The coldest months are over and I won’t need to buy one until next year. This winter I’ve seen my dentists more times than I’ve seen my friends. Does that make my dentists friends?
They see my face, greet me with a smile and call me by name. Tomorrow is my last scheduled appointment and as happy I am for my teeth getting better, I will miss the people that got them to a cleaner state.
I’m spending this Sunday by myself, arranging poems about broken heart and loneliness. I observe a pattern of titles like Unheld and Unconnected. In a set of around a 100 poems, 6 have one-word titles starting with the negation prefix un.
A single poem about the void of connecting is sad; a whole collection becomes devastating.
I am learning how to be vulnerable outside the confinements of a poem. I am not wholly bothered about being alone and single for so long, because most of my life is in the online world where I do connect with people of common interests. I’m not unhappy, but I do crave love and friendships.
My first summer in Valencia is approaching. It’s been sunny all Winter and I’ve got a beach that I can reach by foot. Can I buy a swimsuit that says “let’s be friends?” Get to know people to lick the sun with. Play beach volley or throw Frisbees.
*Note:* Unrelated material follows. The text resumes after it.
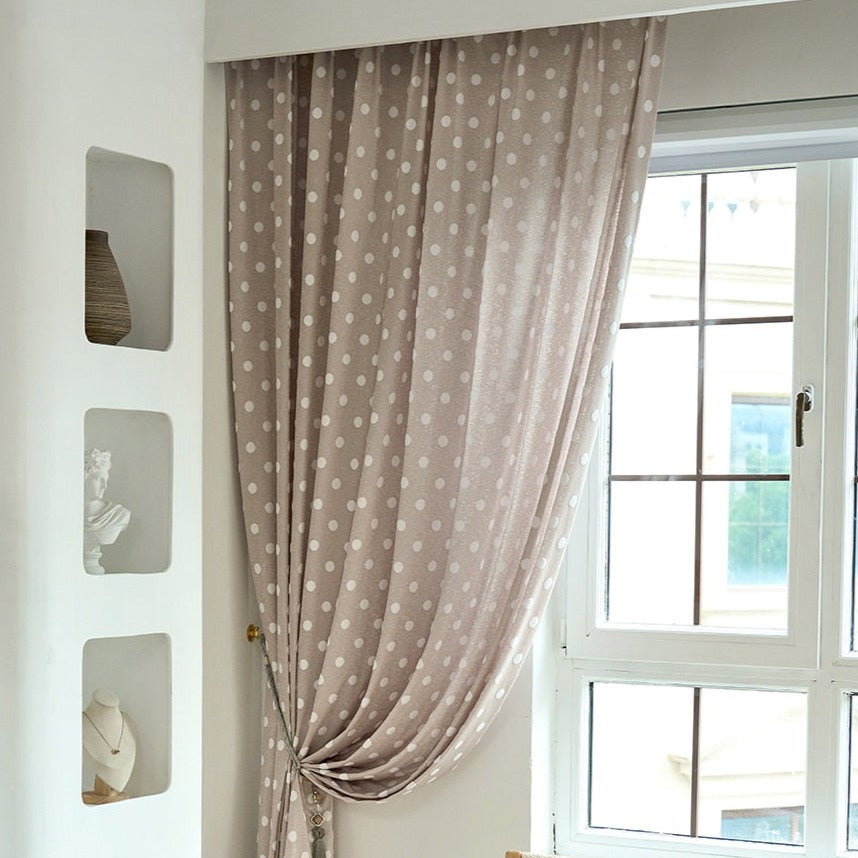 Sweet Polka dot woven curtain panel. Choose between a Grommet, Pull pleated or hook hanging application. Number of panels: 1 panel. Material: Cotton and Polyester. Pattern: Yarn Dyed. Technics: Woven.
I go for a walk by this beach nearly every day, and even on the coldest days, people are in the sand, playing. It’s silly because I never was a beach person back in Malta, an island of equal sunshine. I preferred to hang out with friends in their cosy homes or lonesome walks on cliffs were crowds did not gather.
Now I live in a city and crowds are compulsory. Living in a new culture and language, intimidated of approaching people. Got a few months to work on, make myself fluent in Spanish and destroy these barriers until they are grains of sand between my toes.